TRY IT —
Repeat every line of the data exactly; the pictures stay out.

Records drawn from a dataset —
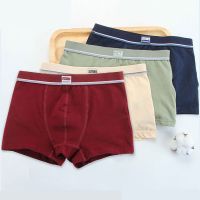 中大童儿童内裤男童平角裤棉大童短裤青少年学生短裤男孩四角裤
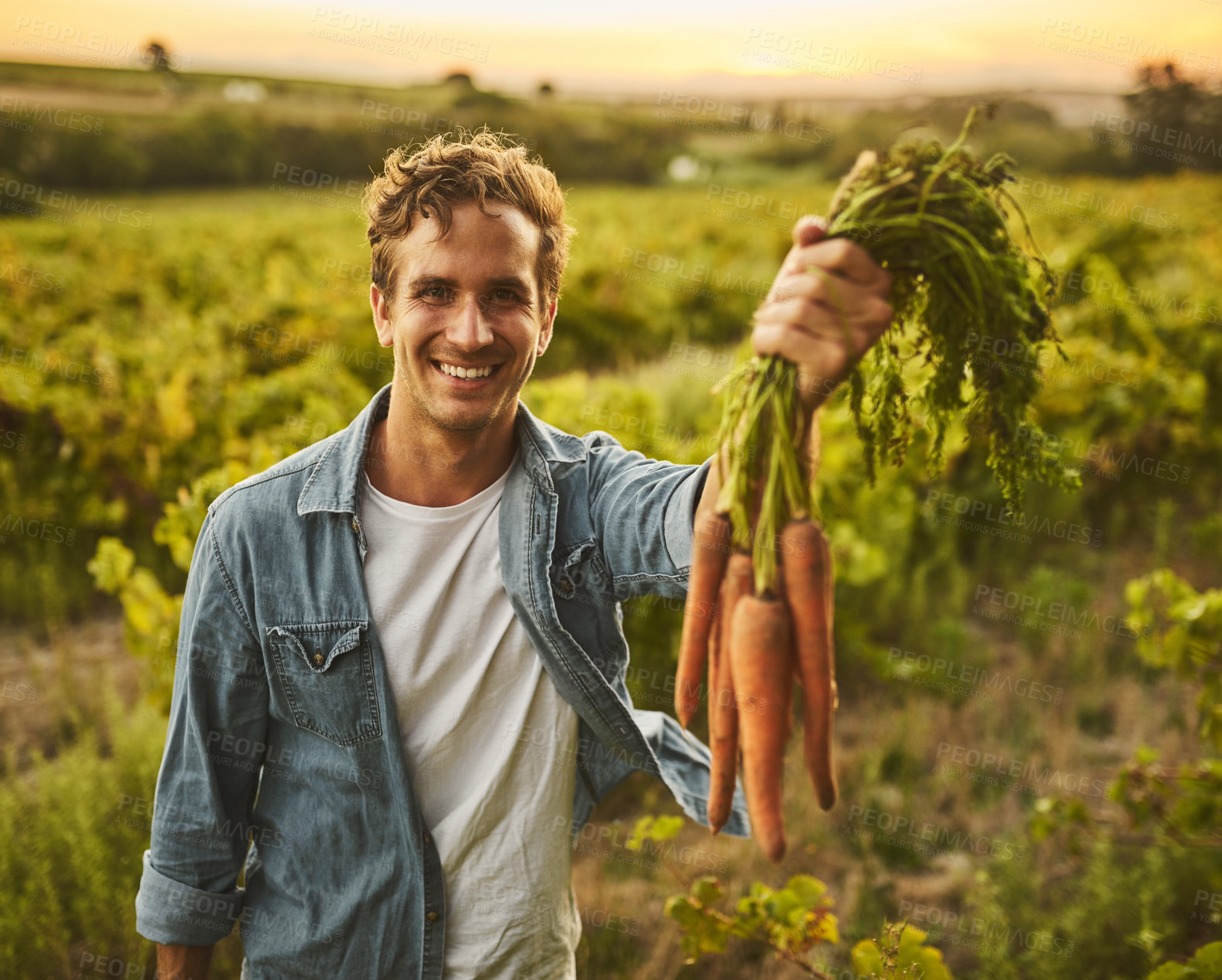 Buy stock photo Portrait, farming and man with carrots in nature for agriculture, sustainable and agro harvest growth. Environment, field and male person with organic, fresh and nutrition vegetable in countryside.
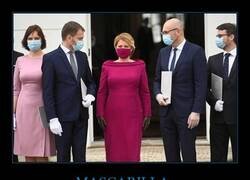 Enlace a Protegida pero elegante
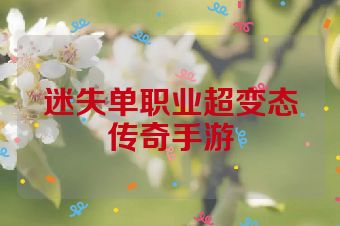 迷失单职业超变态传奇手游
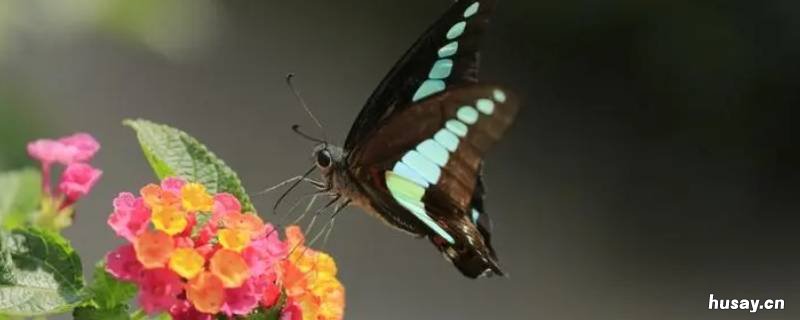 蛾子和蝴蝶哪个身体纤细 蝴蝶是蛾子吗
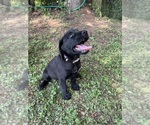 Small Photo #19 Lab-Pointer Puppy For Sale in PELZER, SC, USA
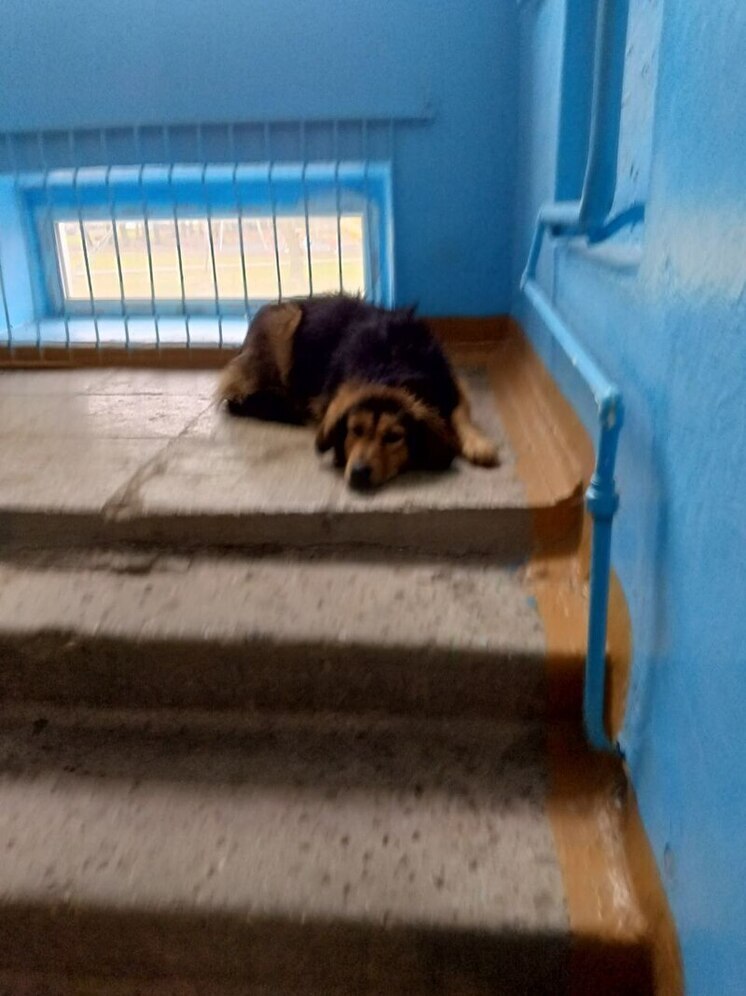 Стая из пяти собак терроризирует жителей дома на Садовой в Новомосковске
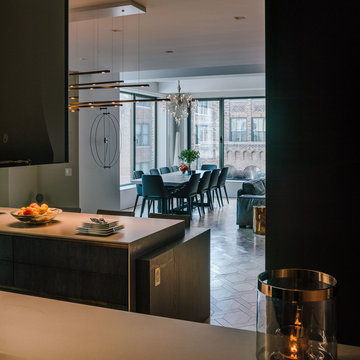 Manhattan Apartment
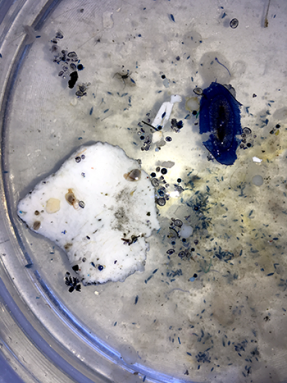 350_inline_microplastics_garbage_patch.png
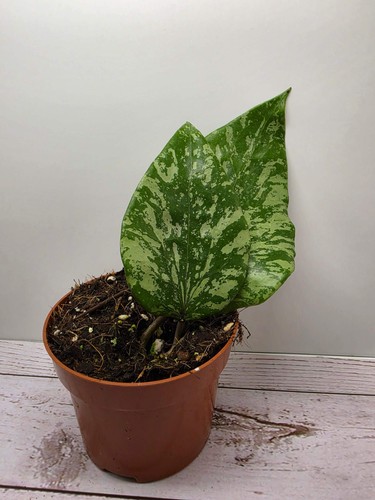Heavenly hoya - heavenly, glabra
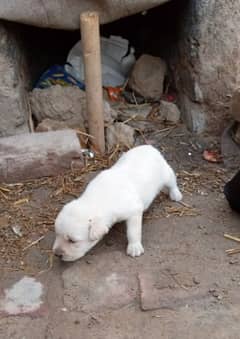 British puppy lebra dog for sale 03144773535 gujranwala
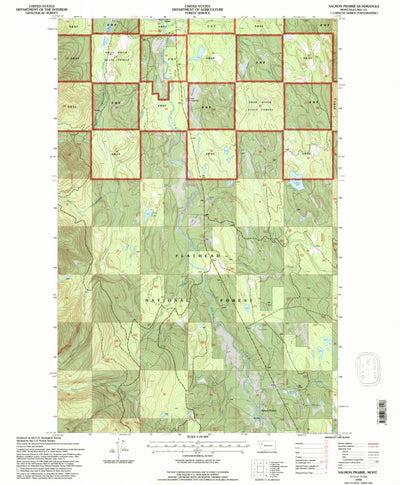 United States Geological Survey Salmon Prairie, MT (1994, 24000-Scale) digital map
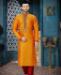 Picture of Admirable Peach Kurtas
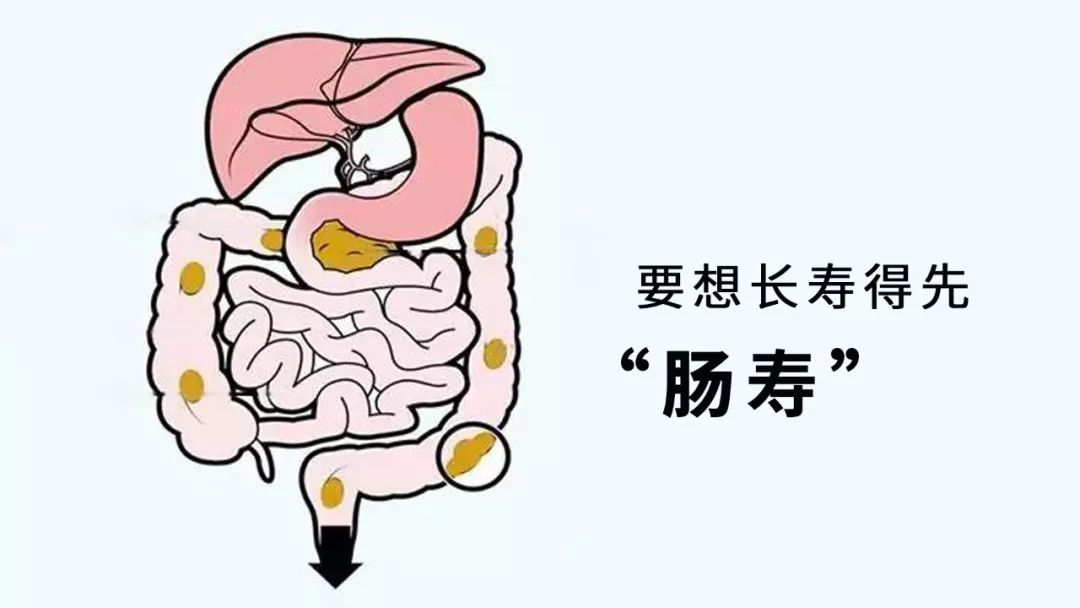 女性補充益生菌雖好,但不要進入誤區-易網健康養生網 女性補充益生菌雖好,但不要進入誤區
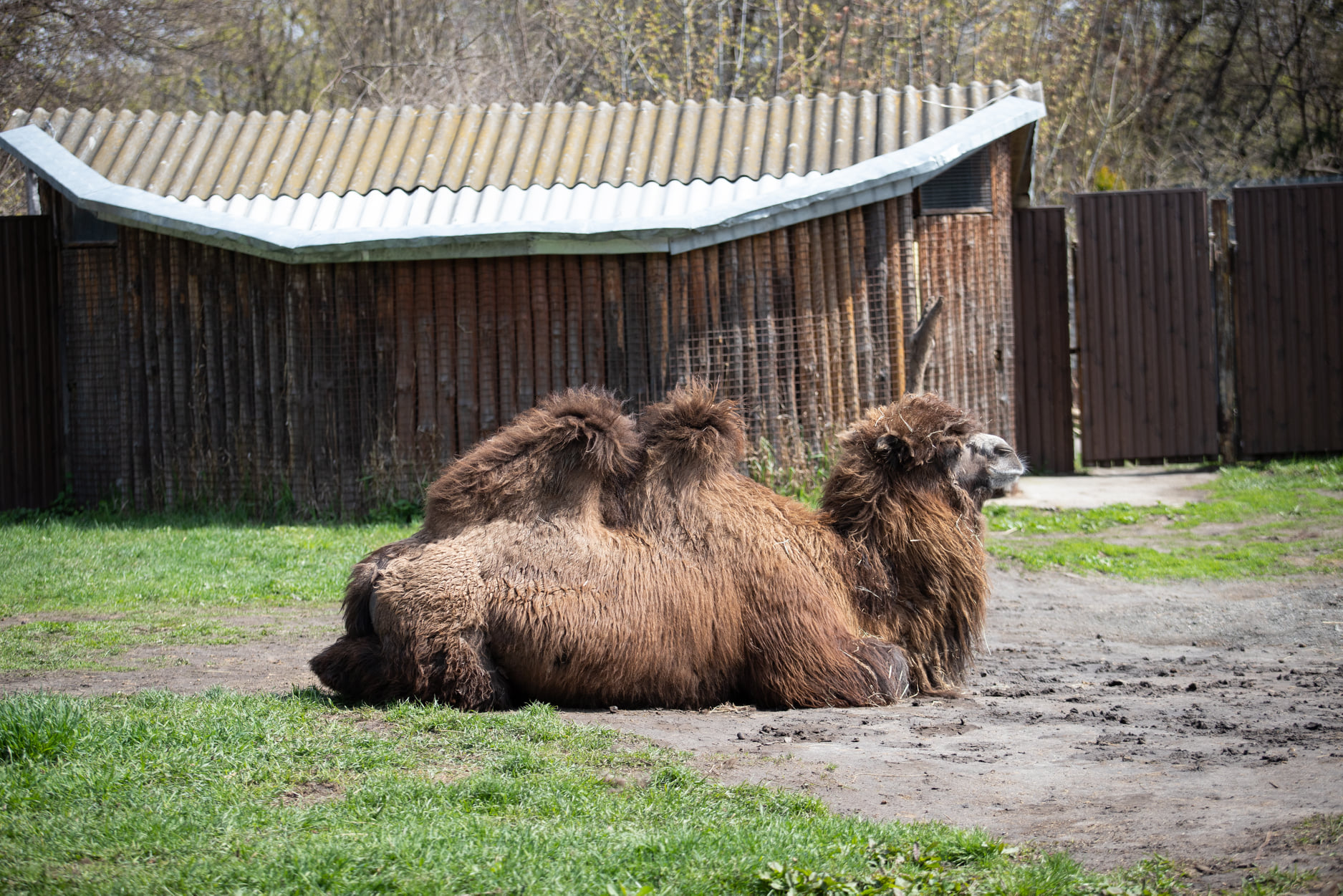 Київський зоопарк прийняв біженців з інших звіринців України: неймовірно милі фото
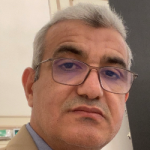 محسن الكومي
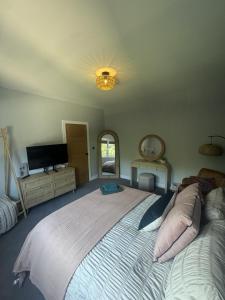 a bedroom with a large bed and a flat screen tv at House Aurora in Edinburgh +14 photos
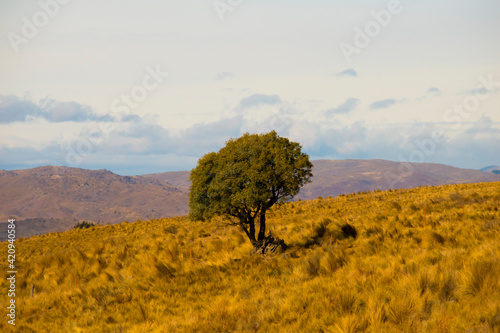 In the middel of the mountain photo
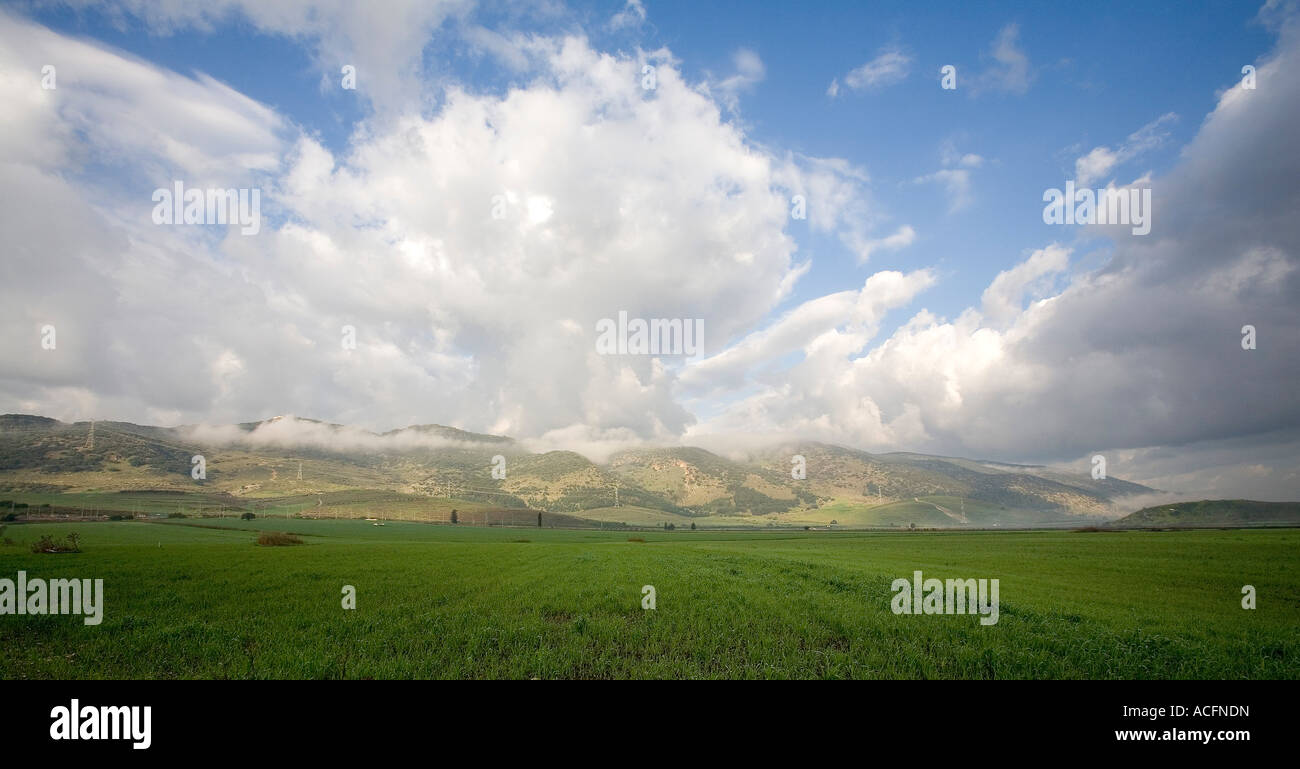 Champs dans la vallée Izrael lorsque les nuages touchent le Carmel ridge Banque D'Images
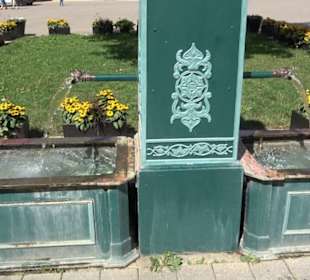 Haupt- und Landgestüt Marbach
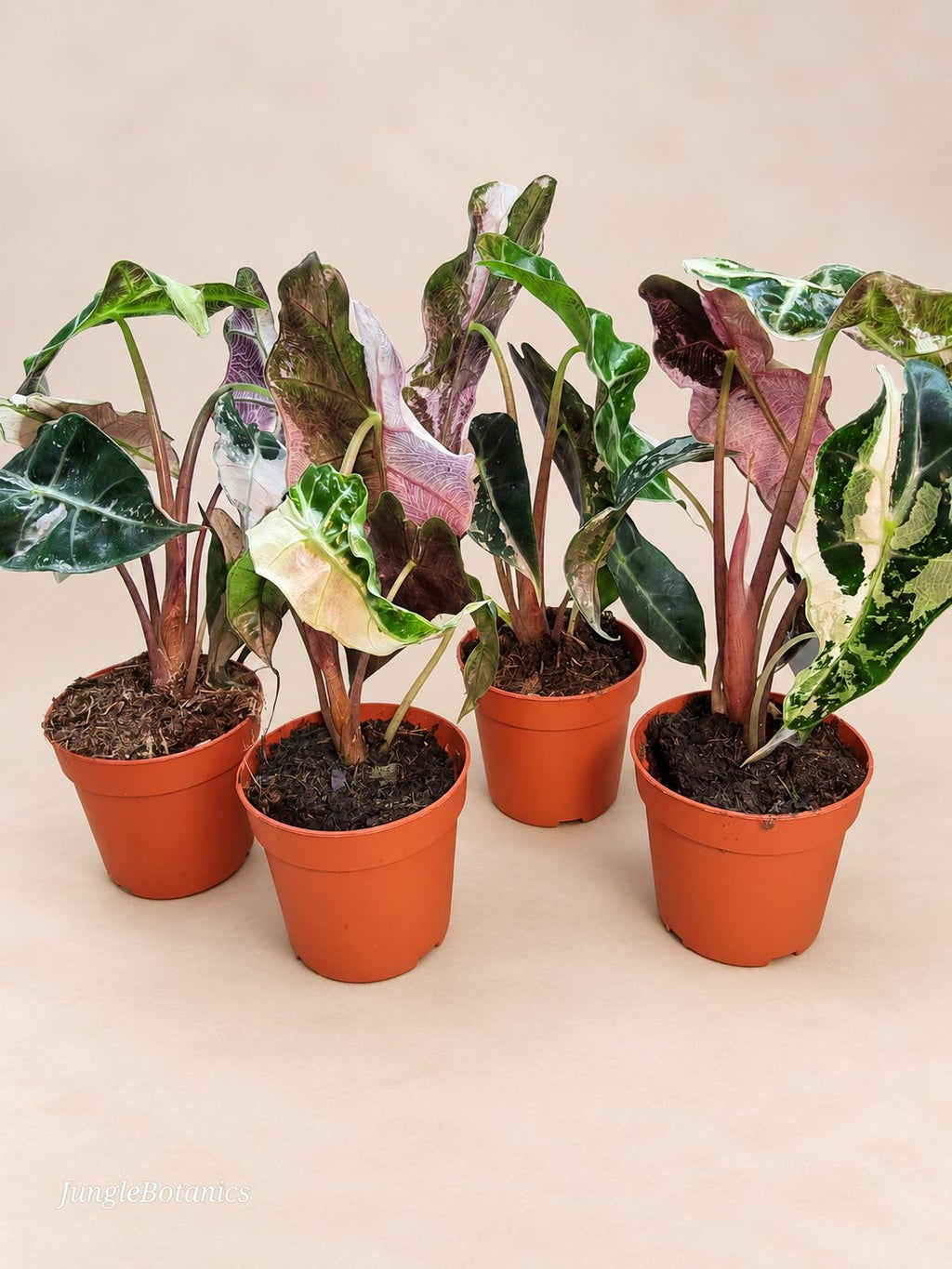 Alocasia Polly Pink Variegated additional view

WRITTEN RESPONSE —
 中大童儿童内裤男童平角裤棉大童短裤青少年学生短裤男孩四角裤
 Buy stock photo Portrait, farming and man with carrots in nature for agriculture, sustainable and agro harvest growth. Environment, field and male person with organic, fresh and nutrition vegetable in countryside.
 Enlace a Protegida pero elegante
 迷失单职业超变态传奇手游
 蛾子和蝴蝶哪个身体纤细 蝴蝶是蛾子吗
 Small Photo #19 Lab-Pointer Puppy For Sale in PELZER, SC, USA
 Стая из пяти собак терроризирует жителей дома на Садовой в Новомосковске
 Manhattan Apartment
 350_inline_microplastics_garbage_patch.png
Heavenly hoya - heavenly, glabra
 British puppy lebra dog for sale 03144773535 gujranwala
 United States Geological Survey Salmon Prairie, MT (1994, 24000-Scale) digital map
 Picture of Admirable Peach Kurtas
 女性補充益生菌雖好,但不要進入誤區-易網健康養生網 女性補充益生菌雖好,但不要進入誤區
 Київський зоопарк прийняв біженців з інших звіринців України: неймовірно милі фото
 محسن الكومي
 a bedroom with a large bed and a flat screen tv at House Aurora in Edinburgh +14 photos
 In the middel of the mountain photo
 Champs dans la vallée Izrael lorsque les nuages touchent le Carmel ridge Banque D'Images
 Haupt- und Landgestüt Marbach
 Alocasia Polly Pink Variegated additional view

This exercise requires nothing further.